Observation of Celestial and Atmospheric MeV-Gamma-Rays using a Wide Field of View Electron Tracking Compton Camera with Balloon Borne Experiment

Prof. Toru Tanimori
Department of Physics, Faculty of Science
Kyoto University
Japan

Abstract
Recently high energy gamma-ray astronomy has become a very promising field in astronomy. On the other hands, in the Sub-Mev and MeV regions, there still remain many unobserved interesting celestial objects such as black holes. To explore this energy range, we have developed Electron Tracking Compton Camera (ETCC) consisting of a gaseous Time projection Chamber (TPC) based on the micro pixel gas counter (micro-PIC) and Scintillator pixels.

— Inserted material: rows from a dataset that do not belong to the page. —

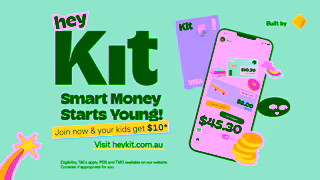 Kit App 10 Bonus Kit built by CommBank Awareness 6s 169 Ad Commercial Brand Imagery Photoshoot 1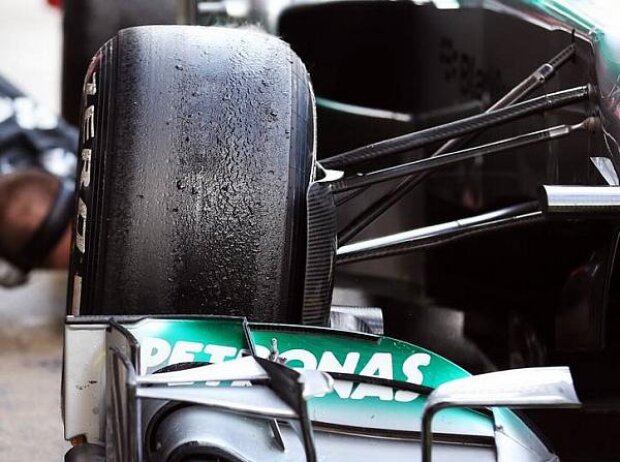 Lewis Hamilton, Reifen Lewis Hamilton, Reifen
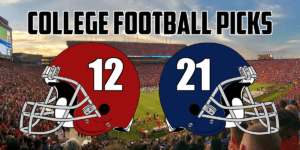 Read more about the article CFB Picks 12/21/20 | Computer Model Picks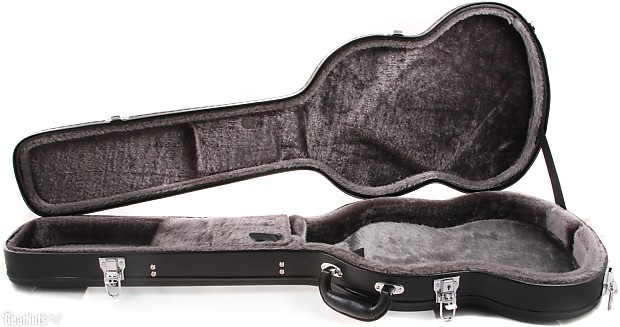 Epiphone 940-EGCS SG Guitar Case image 1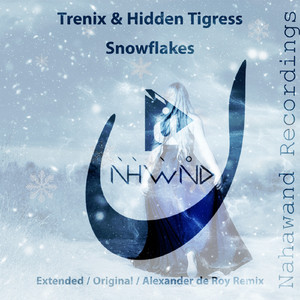 Snowflakes (Alexander de Roy Extended Remix)
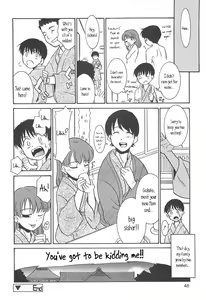 Page 45 of Razoku no Yoru | Night of Razoku Ch.1-5 - preview thumbnail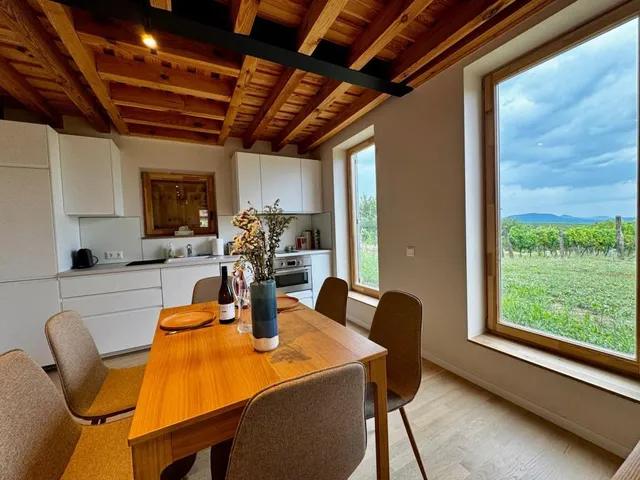 Eladó ház Lesencefalu 90 nm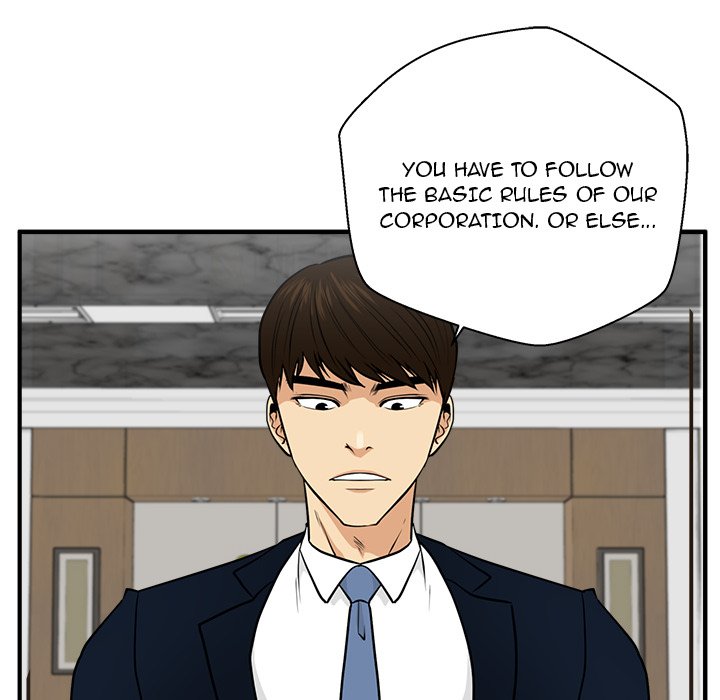 Read Mr. Kang chapter 75 image 21 on Lezhin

By measuring the 3D-track of a recoil electron in TPC, ETCC can measure the direction of incident gamma-rays photon by photon with a 3str wide field of view, and provides both a good background rejection and an angular resolution of ~1degree at 1MeV (FWHM). ETCC with a 1x1x0.5m size will be a good candidate for wide band measurement on 0.1-50MeV gamma rays by single detector. Our final goal is the all-sly survey with several ten times better sensitivities of COMPTEL between 100keV to 100MeV using above large ETCC in space. We already carried out the observation of celestial sub-MeV gamma rays using with a small ETCC with a balloon (Sub-MeV gamma ray Imaging Loaded-on-balloon Experiment: SMILE) in 2006, and obtained 400 photons of diffuse cosmic and atmosphere gamma rays from 0.1 to 1MeV in 3 hours observation. Now we are constructing a large ETCC with a 40x40x40cm size for the next balloon experiment to catch gamma-rays from the Crab in several hours observation.
In addition, I would like to mention about the capability to find a high-z Gamma-Ray Bursts beyond z>10 by detecting MeV gamma rays from GRB by ETCC.